Close ALL applications and as many items in the task tray that will stop and exit.

• Please download the following tool: RootRepeal - Rootkit Detector
  
• Direct download link is here: RootRepeal.rar
  
• If you don't already have a program to open a .RAR compressed file you can download a trial version from here: WinRAR
  
• Extract the program file to a new folder such as C:\RootRepeal
  
• Run the program RootRepeal.exe and go to the REPORT tab and click on the Scan button
  
• Select ALL of the checkboxes and then click OK and it will start scanning your system.
  
• If you have multiple drives you only need to check the C: drive or the one Windows is installed on.
  
• When done, click on Save Report
  
• Save it to the same location where you ran it from, such as C:\RootRepeal
  
• Save it as your_name_rootrepeal.txt - where your_name is your forum name
  
• This makes it more easy to track who the log belongs to.
  
• Then open that log and select all and copy/paste it back on your next reply please.
  
• Quit the RootRepeal program.

[/indent]

STEP 04
Please temporarily disable your current Anti-Virus in order to run this Online AV scanner.
Run Eset NOD32 Online AntiVirus

Note: You will need to use Internet Explorer for this scan.

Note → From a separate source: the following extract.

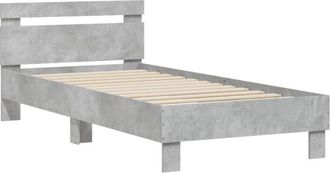 vidaXL Bed Frame without Mattress with Headboard Concrete Grey 75x190 cm Small Single Vidaxl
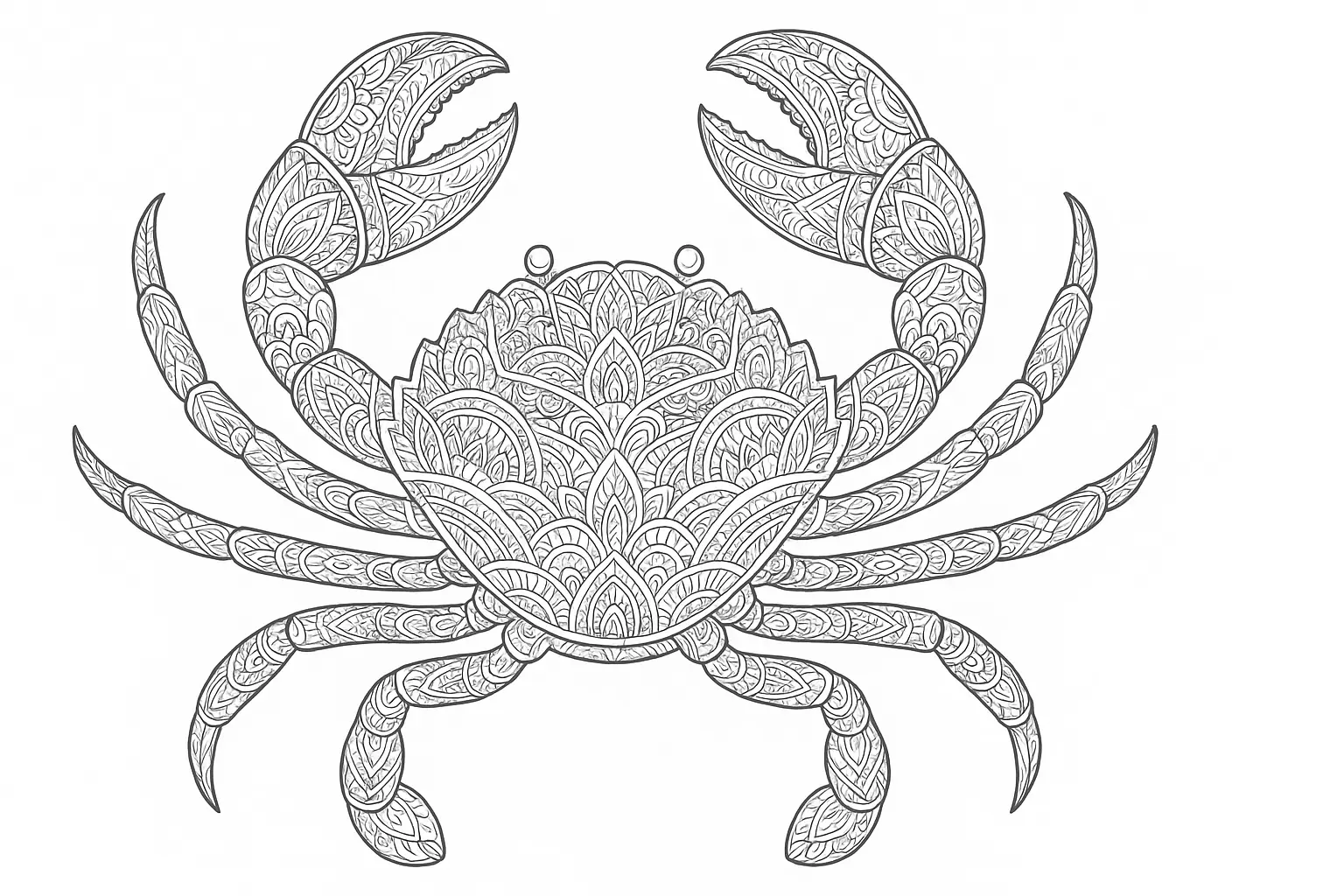 Crab Coloring Page with Intricate Details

• Tick the box next to YES, I accept the Terms of Use.
  
• Click Start
  
• When asked, allow the activex control to install
  
• Disable your current Antivirus software. You can usually do this with its Notfication Tray icon near the clock.
  
• Click Start
  
• Make sure that the option "Remove found threats" is Un-checked, and the option "Scan unwanted applications" is checked
  
• Click Scan
  
• Wait for the scan to finish
  
• Re-enable your Anvirisus software.
  
• A logfile is created and located at C:\Program Files\EsetOnlineScanner\log.txt. Please include this on your post.

[AdvancedSetup]

Please post a status update on this.

Thanks.

[AdvancedSetup]

Due to the lack of feedback this Topic is closed to prevent others from posting here. If you need this topic reopened, please send a Private Message to any one of the moderating team members. Please include a link to this thread with your request. This applies only to the originator of this thread.

Other members who need assistance please start your own topic in a new thread. Thanks!

The fixes and advice in this thread are for this machine only. Do not apply the instructions from this thread to your own machine. Please start a new thread describing your issue and someone will be along to assist you.